Activity -> Leave every picture out, and retype all the remaining records exactly.

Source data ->
────────────────

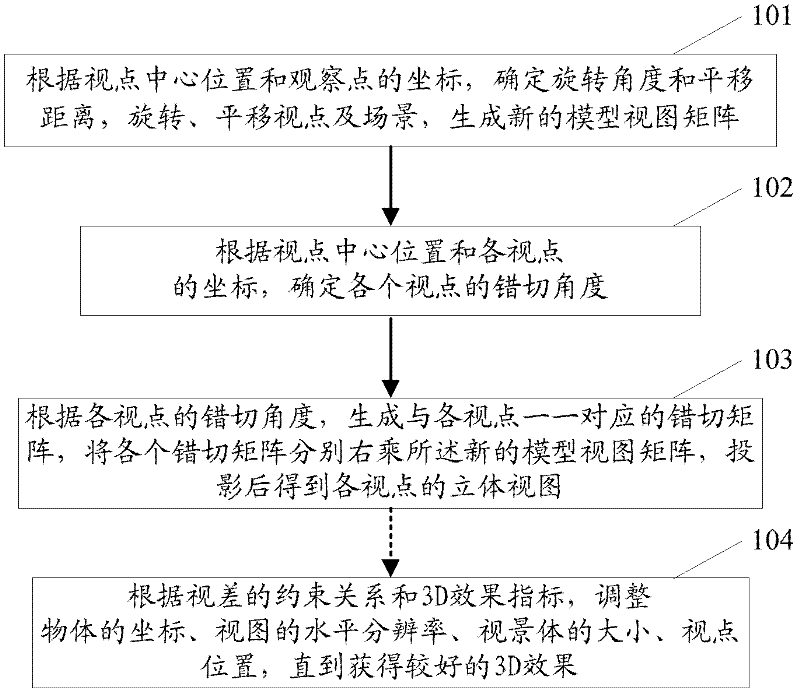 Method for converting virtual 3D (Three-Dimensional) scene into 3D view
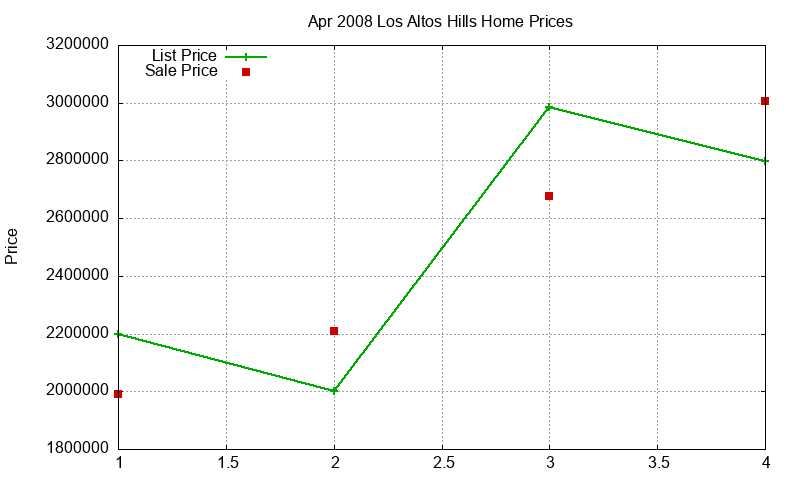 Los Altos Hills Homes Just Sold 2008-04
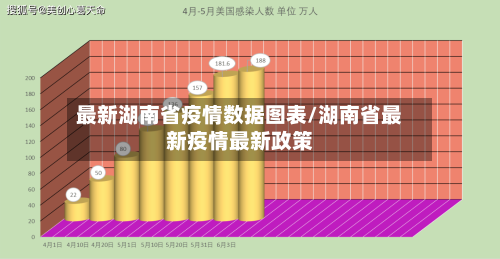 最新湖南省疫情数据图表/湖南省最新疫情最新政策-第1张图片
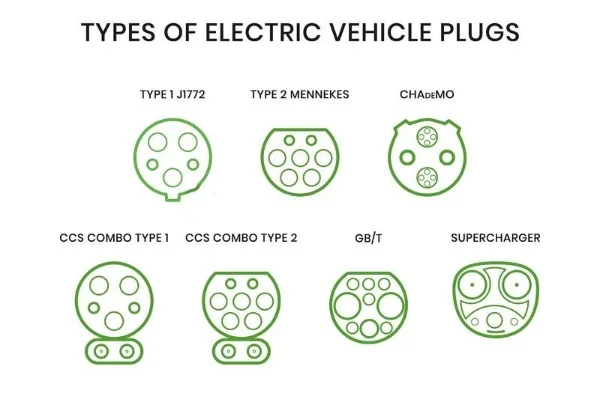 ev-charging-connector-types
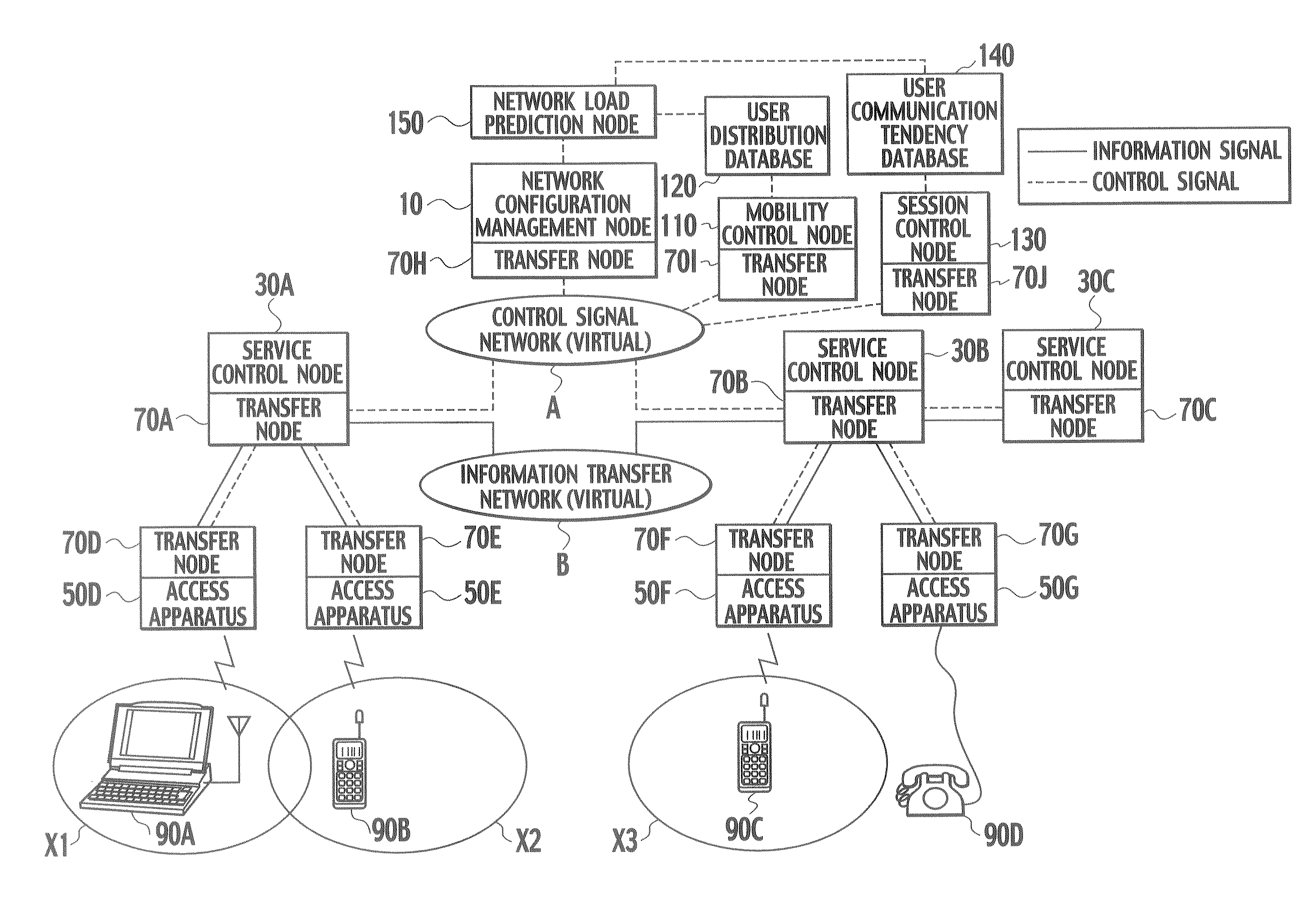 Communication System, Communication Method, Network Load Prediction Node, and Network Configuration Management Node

────────────────

Result for this exercise ->
 Method for converting virtual 3D (Three-Dimensional) scene into 3D view
 Los Altos Hills Homes Just Sold 2008-04
 最新湖南省疫情数据图表/湖南省最新疫情最新政策-第1张图片
 ev-charging-connector-types
 Communication System, Communication Method, Network Load Prediction Node, and Network Configuration Management Node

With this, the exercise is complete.